Подобная реакция лишь убеждала евразийцев в том, что они действительно представляют собой новое поколение, являются людьми нового типа, весьма отличного от старой интеллигенции – как революционной, так и веховской. В известном письме «младшему» евразийцу М.Н. Эндену Савицкий кратко охарактеризовал отношение участников движения к старшему поколению мыслителей религиозного ренессанса:
Они (софийцы) ощущают в нас иную, отличную от «них» волевую природу. Евразийцы по своему духовному состоянию и по своим общественным действиям по сути новые люди, по сравнению с господствующим типом предыдущих поколений; Бердяев… признавал это; «они» разъедены рефлексией; мы (хорошо это или плохо) обессиливающей рефлексии чужды. В этом смысле Г.В. Флоровский, например, принадлежит скорее к «ним», чем к нам. Я это сказал об о. Сергии (Булгакове). То же, в несколько иной форме, можно сказать о H.A. Бердяеве. Тем не менее, в A.B. Карташеве вышеупомянутая природа уживается с чем-то еще, что делает его ближе к нам, чем к «ним»…28
В этой оценке Савицкого, действительно, звучат новые мотивы. Описывая отличие евразийцев от других поколений, он использует язык многочисленных ультраправых движений меж-военной Европы. Выросшие на почве, удобренной войной, революциями и экономическими кризисами, эти движения отличались антиинтеллектуализмом, настаивали на приоритете «действия» и эстетизировали политику. Объявляя и ощущая себя новым поколением, евразийцы освобождались от идей и концепций XIX века, когда личная свобода могла уживаться с романтическим поиском народного духа. Новый романтизм евразийского поколения, отрицавший поиски индивидуального религиозно-философского обновления, готовился сочетать народный дух и религиозность с обоснованной наукой структурой, создавая сложную картину евразийской тотальности. Неудивительно на этом фоне, что евразийские профессора и эстеты нашли общий язык с бывшими офицерами, такими как Арапов, Малевский, Зайцов или Меллер-Закомельский.

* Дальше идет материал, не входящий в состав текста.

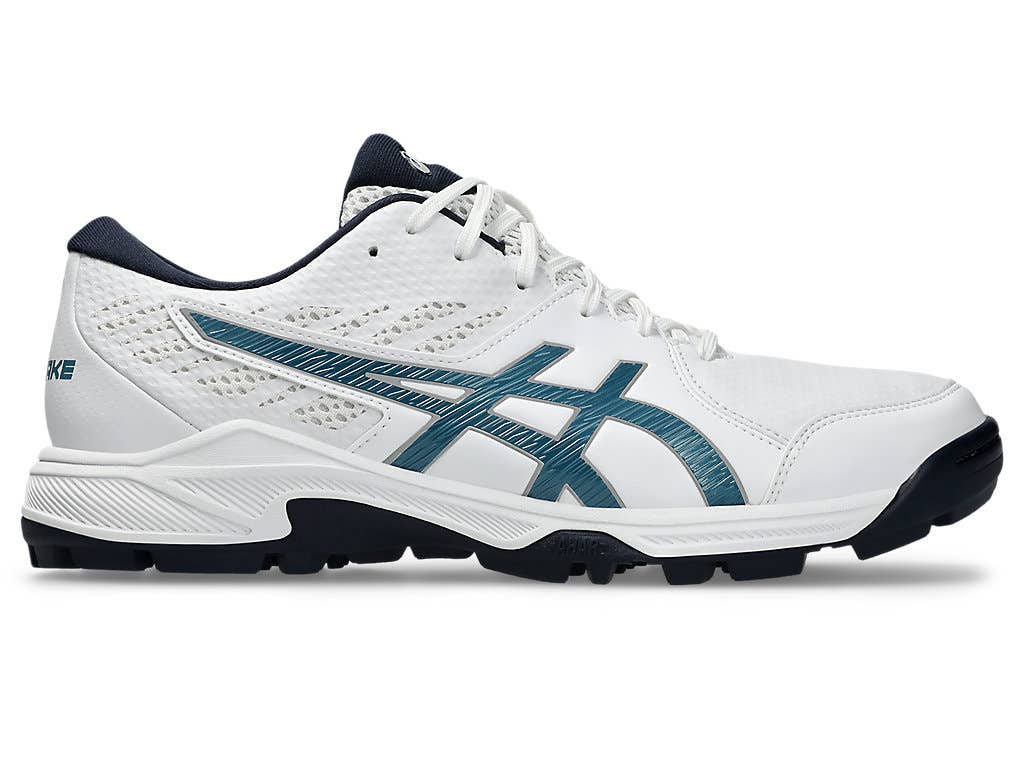 ASICS Gel-Peake 2 White & Atlantis Blue Cricket Shoes - Lightweight Performance Footwear for Cricket Matches & Training Sessions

Однако современники часто улавливали только эмоциональную и эстетическую компоненту евразийства, в то время как его системность и структурализм ускользали от внимания традиционных критиков (ср. кизеветтеровское «евразийство – это эмоция, вообразившая себя системой…»). Так, Бердяев в своей снисходительной (и в то же время глубокой) рецензии на евразийские выступления писал:
Евразийство есть прежде всего направление эмоциональное, а не интеллектуальное, и эмоциональность его является реакцией творческих национальных и религиозных инстинктов на происшедшую катастрофу. Такого рода душевная формация может обернуться русским фашизмом29.
Бердяев признавал, что евразийцы – это новое поколение, выросшее во время войны и революции, которое «не чувствует себя родственным нашему религиозному поколению и не хочет продолжать его заветов. Оно склонно отказаться от всего, что связано с постановкой проблемы нового религиозного сознания. Воля его направлена к упрощению, к элементаризации, к бытовым формам православия, к традиционализму, боязливому и подозрительному ко всякому религиозному творчеству». Верно оценив отношение евразийцев к своему поколению, Бердяев ошибался в одном: евразийский «синтез» предполагал размах и сложность и, отрицая религиозные искания Серебряного века, евразийцы одновременно предложили свое видение системы, в которой религия, государство, наука и эстетика соединяются в тотальную целостность, вооруженную научным аппаратом зарождающегося структурализма. Такая система отражала новый век с его всеохватывающими идеологиями и исчезновением индивидуальной свободы, от которой Бердяев отказаться не мог.